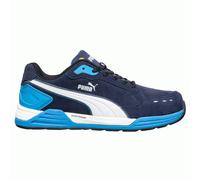 Puma Airtwist Low S3 ESD HRO SRC Safety Work Trainer Shoe - Black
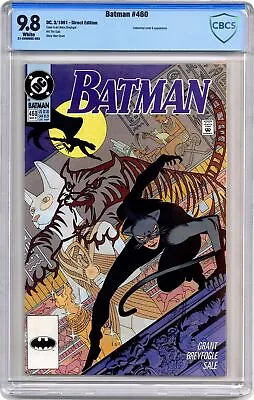 Buy Batman #460 CBCS 9.8 1991 21-2599D8C-003 • 60.32£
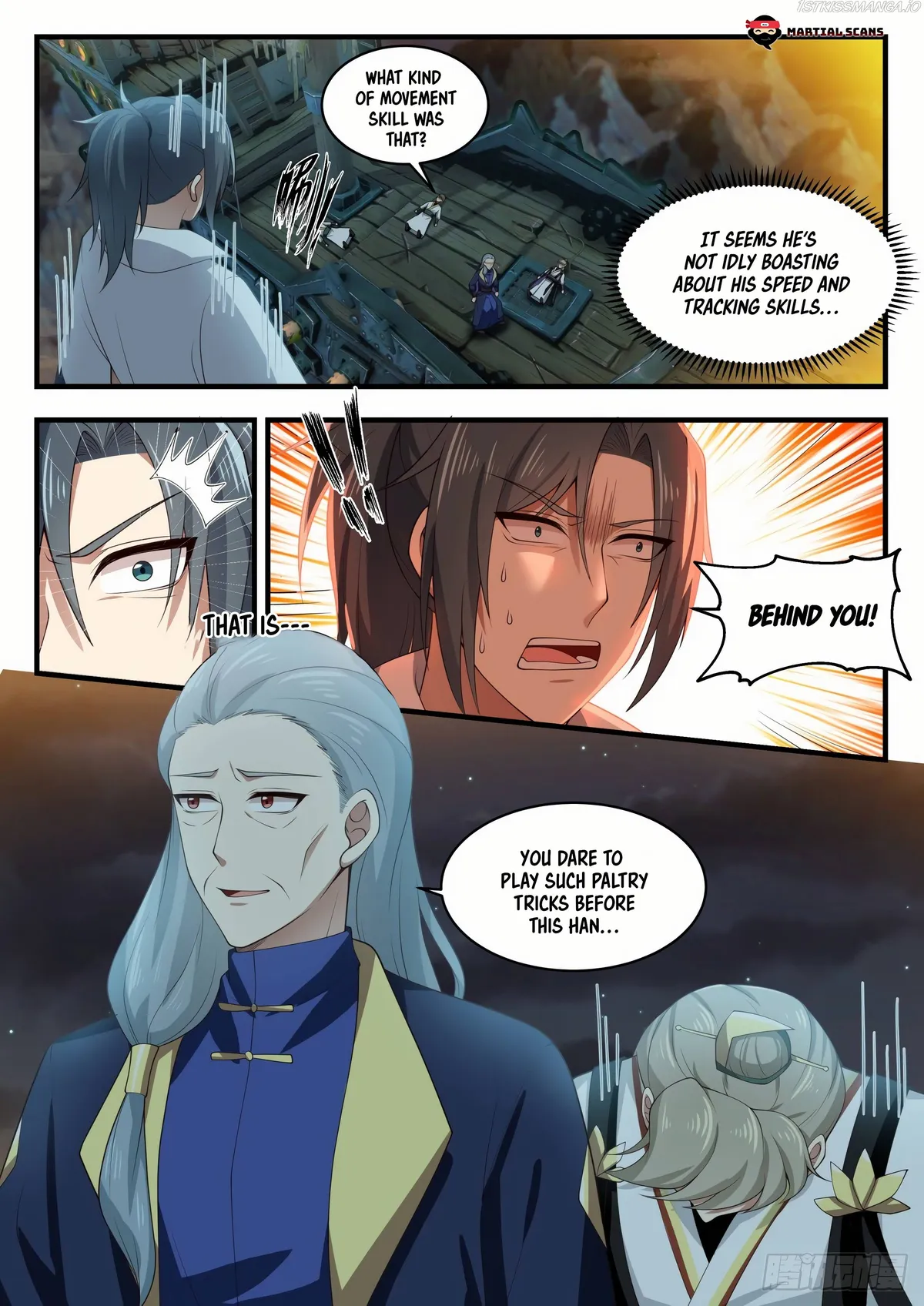 Martial Peak Chapter 1633 Online - página 7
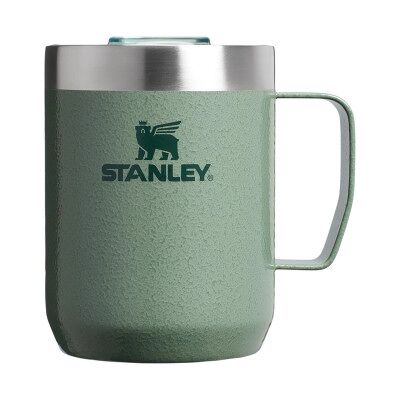 Mug de voyage Stanley Everyday Camp Hammertone Green – 230 ml, vert - Publicité Mug de voyage Stanley Everyday Camp Hammertone Green – 230 ml, vert - Publicité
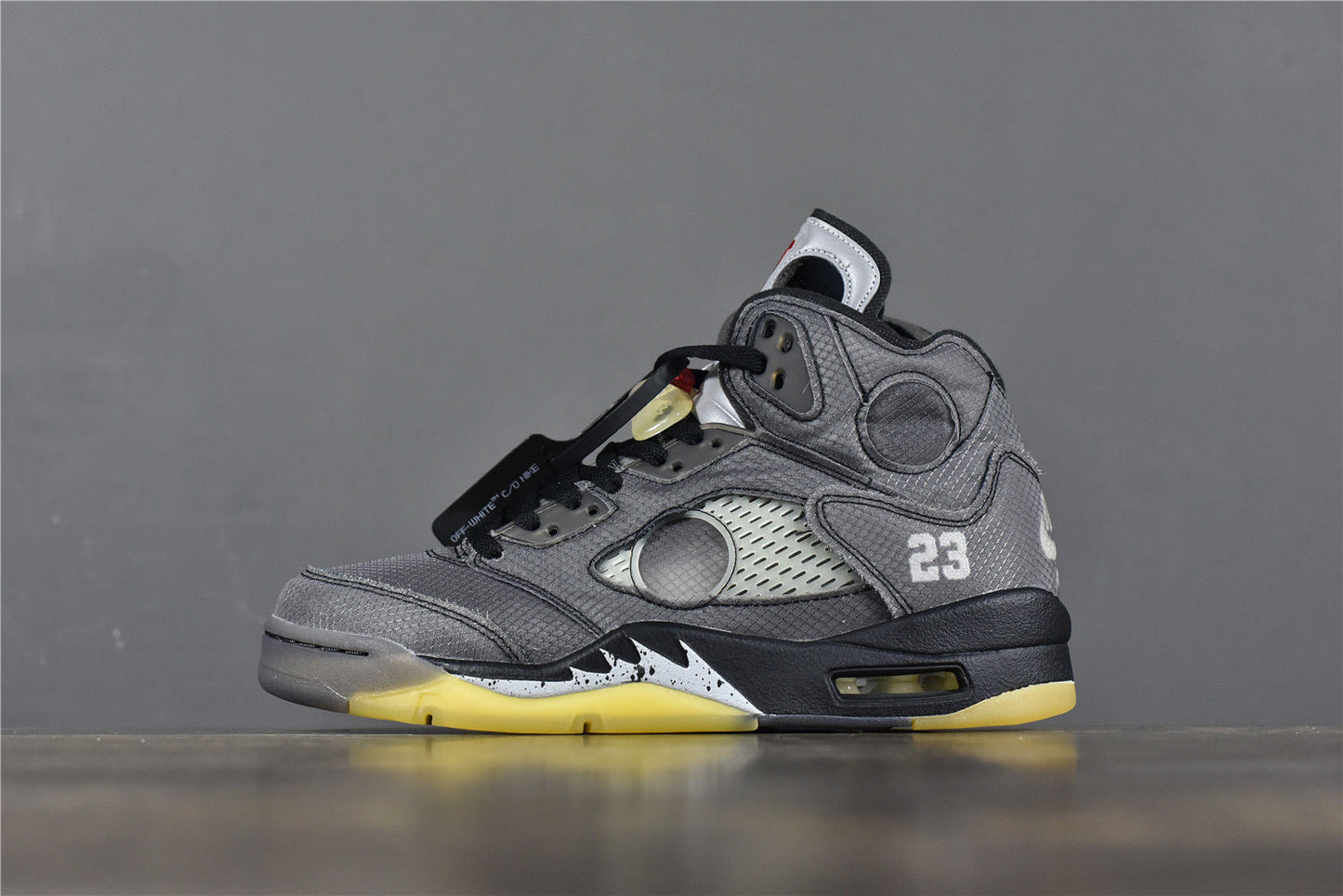 OW x AJ5 Retro 'Muslin'
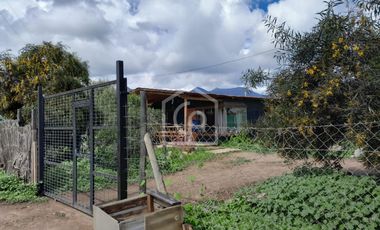 EN VENTA 2 CABAÑAS 2D1B EN PARCELA DE AGRADO, LAS BARRANCAS, COQUIMBO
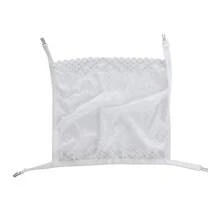 1 件全新性感蕾丝文胸，柔软涤纶面料，带衬垫，四面可调节夹子，适合低胸上衣、连衣裙和泳装，舒适、透气、隐形文胸 - 彩色 - 查看 7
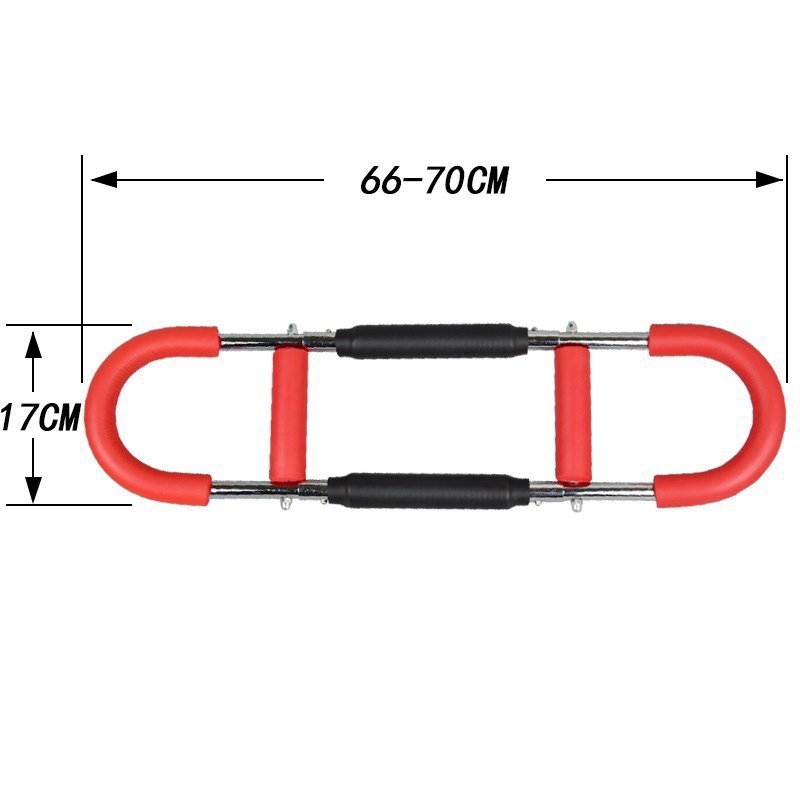 Extenseur de poitrine à main en forme de U, troisième vitesse, force du poignet, exercice de fitness pour les biceps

__THE TASK__
Output, line for line and exactly, the records above from their first line through the one with "Martial Peak Chapter 1633 Online - página 7", both ends included, but no pictures.

__PROBLEM SOLUTION__
 Puma Airtwist Low S3 ESD HRO SRC Safety Work Trainer Shoe - Black
 Buy Batman #460 CBCS 9.8 1991 21-2599D8C-003 • 60.32£
 Martial Peak Chapter 1633 Online - página 7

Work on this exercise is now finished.